- DESCRIPTION OF THE TASK:
Transcribe, starting at the line with "In Praise of Polytheism (PDF/EPUB Version)" and ending at the line with "Alfa Romeo Stelvio", every line of the material below exactly, but leave out the pictures and anything outside that span.

- RECORDS SUPPLIED:
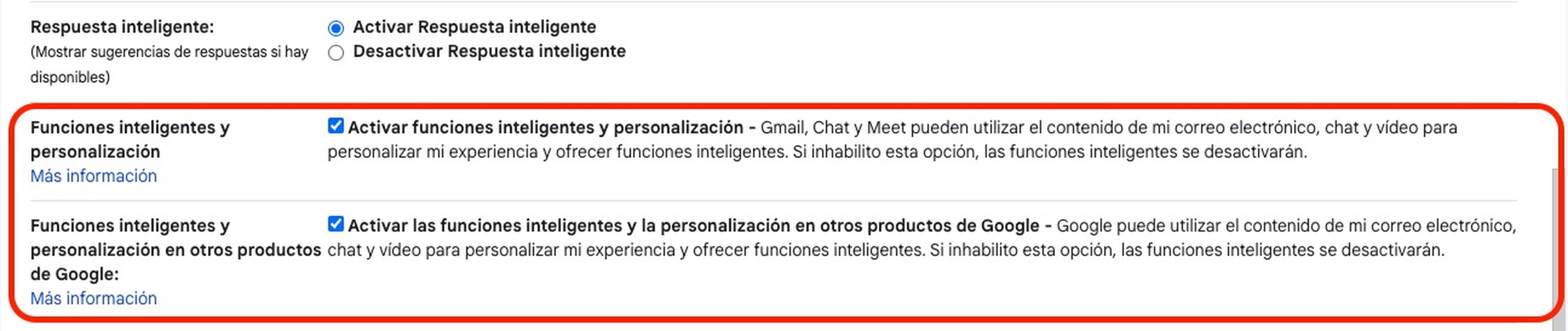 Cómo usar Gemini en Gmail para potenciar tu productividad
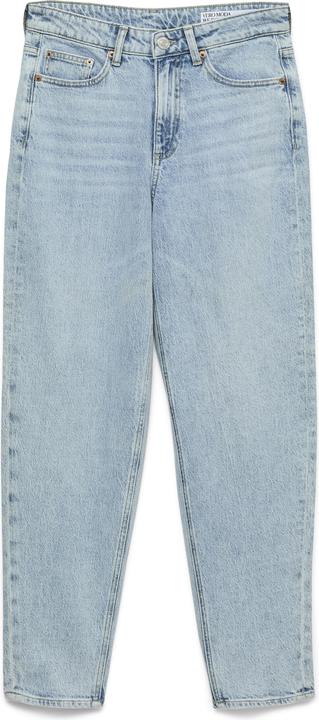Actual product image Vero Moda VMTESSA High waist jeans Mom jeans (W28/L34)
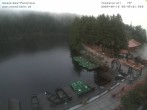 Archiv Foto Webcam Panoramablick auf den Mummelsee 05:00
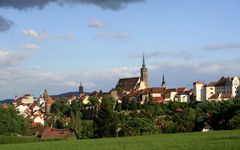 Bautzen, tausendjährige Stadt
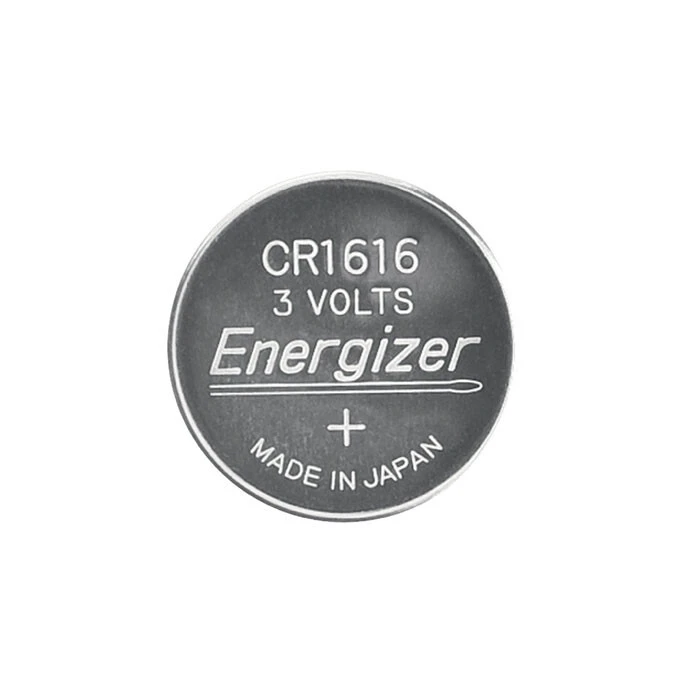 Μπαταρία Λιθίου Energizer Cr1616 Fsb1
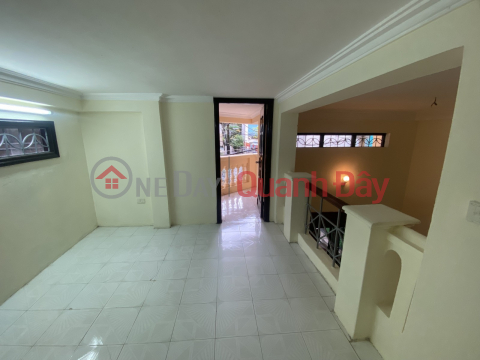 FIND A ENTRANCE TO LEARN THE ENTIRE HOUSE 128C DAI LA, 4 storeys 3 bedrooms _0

==

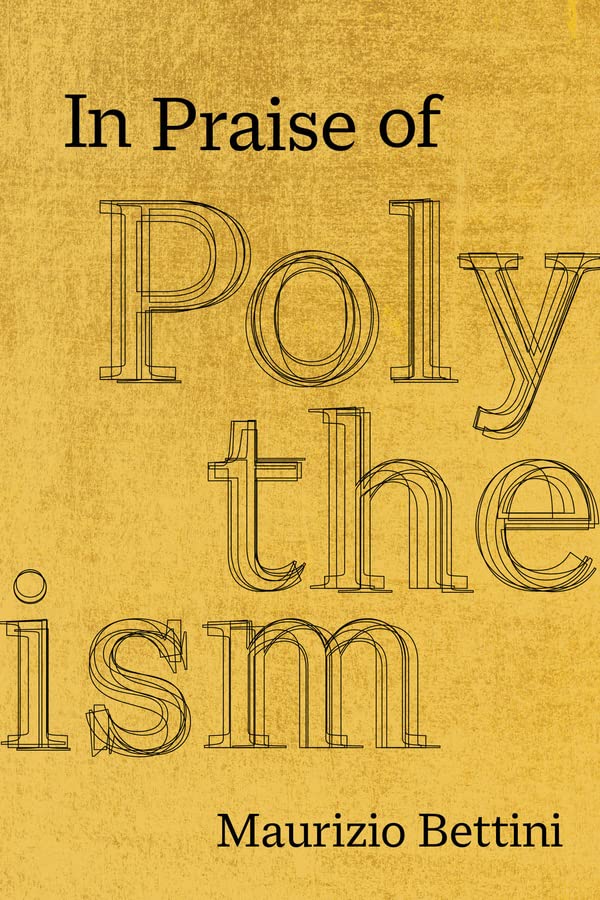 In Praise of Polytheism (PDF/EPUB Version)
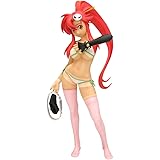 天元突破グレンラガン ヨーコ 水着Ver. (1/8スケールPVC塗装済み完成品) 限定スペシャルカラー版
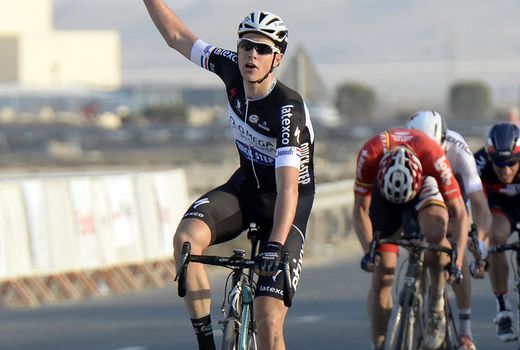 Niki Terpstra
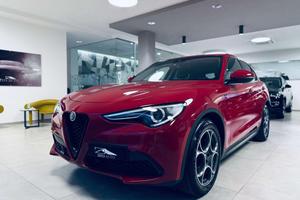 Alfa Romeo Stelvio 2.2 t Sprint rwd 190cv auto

--

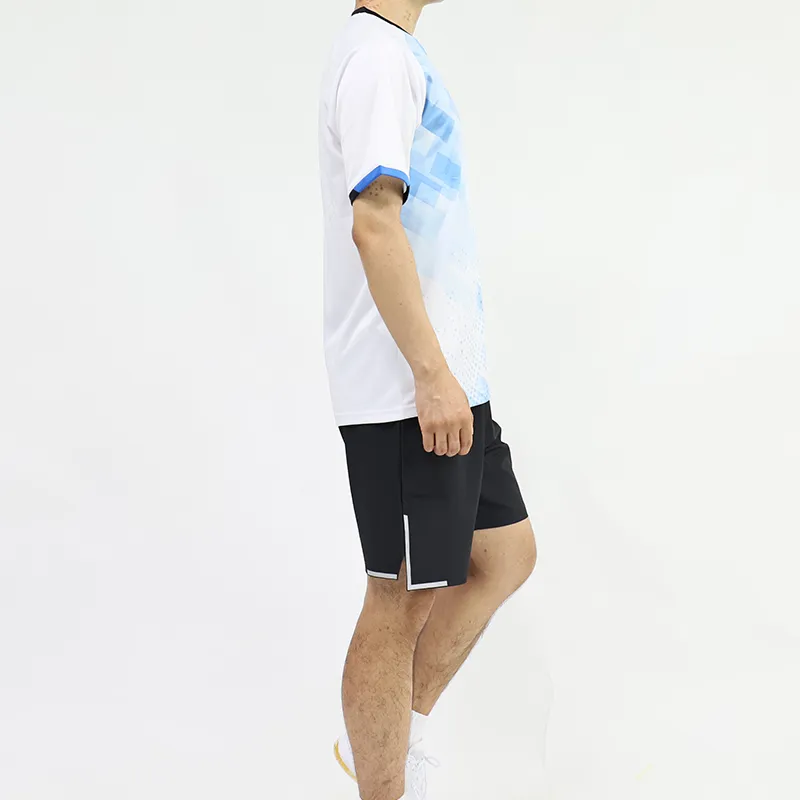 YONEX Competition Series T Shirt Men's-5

- ANSWER FOR THE TASK:
 In Praise of Polytheism (PDF/EPUB Version)
 天元突破グレンラガン ヨーコ 水着Ver. (1/8スケールPVC塗装済み完成品) 限定スペシャルカラー版
 Niki Terpstra
 Alfa Romeo Stelvio 2.2 t Sprint rwd 190cv auto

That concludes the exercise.